Em todo o caso é um filme sobre duas mulheres – Maria e Elizabeth I – e o poder, numa época em que ser mulher e deter poder político era contranatura, e o preço (diferente) que ambas pagaram. Não deixa de ser curioso que à época se considerava que as mulheres, por serem diferentes dos homens, não gostavam do exercício da política e não lhes eram biologicamente adaptadas. E que, séculos depois, na segunda década do século XXI, quando se fala de representação política das mulheres, permanecem ainda ignoramus que utilizam exatamente o mesmo argumento.

E, em mais um exemplo de como a maldade e estupidez humana perpassam os tempos,  as cenas da pregação de John Knox – o líder religioso protestante fanático, puritano e de um moralismo castrador – em que acusa Maria de todos os males e de todos os pecados (por ser mulher), bem como a reação massiva e de ódio da assistência, são reminiscentes das acusações insubstanciadas da atualidade e das reações violentas das redes sociais.
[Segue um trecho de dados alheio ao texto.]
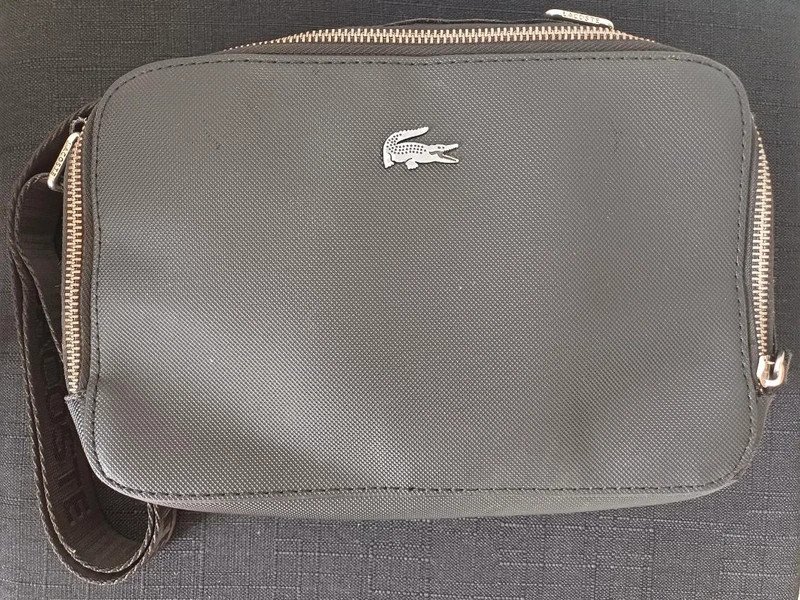 Magnifique Sacoche Bandoulière Chantaco Lacoste En Cuir Véritable Unisex Acheter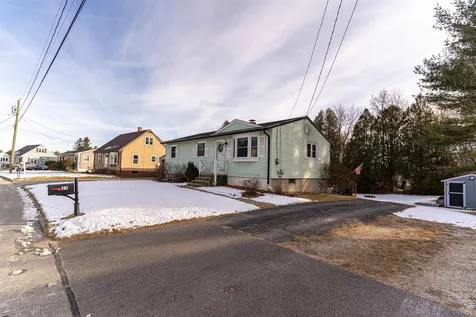 25 Applevale Drive Dover NH 03820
Por fim, os filmes sobre o passado geralmente revelam mais sobre o presente que sobre o passado. Porque a forma como olhamos para o passado é sempre feita partindo do ponto de vista do presente. Há uns anos, este filme teria sido todo sobre as tensões religiosas e os embates entre católicos e protestantes do século XVI porventura enquadrando-as nas guerras religiosas que brotaram por quase toda a Europa. Mas, num filme de 2018, o ponto de vista à volta do qual se construiu a narrativa foi o binómio as mulheres e o poder. Inevitavelmente, porque é este o debate de hoje. Ainda, mas mais lateralmente, o debate da diversidade – várias personagens eram representadas por atores não europeus. Uma opção que eu aplaudo. Afinal nunca ninguém protestou porque os chineses de 55 Dias em Pequim foram muitos deles representados por ocidentais. Por isto também o filme é interessante: é um documento. Da atualidade.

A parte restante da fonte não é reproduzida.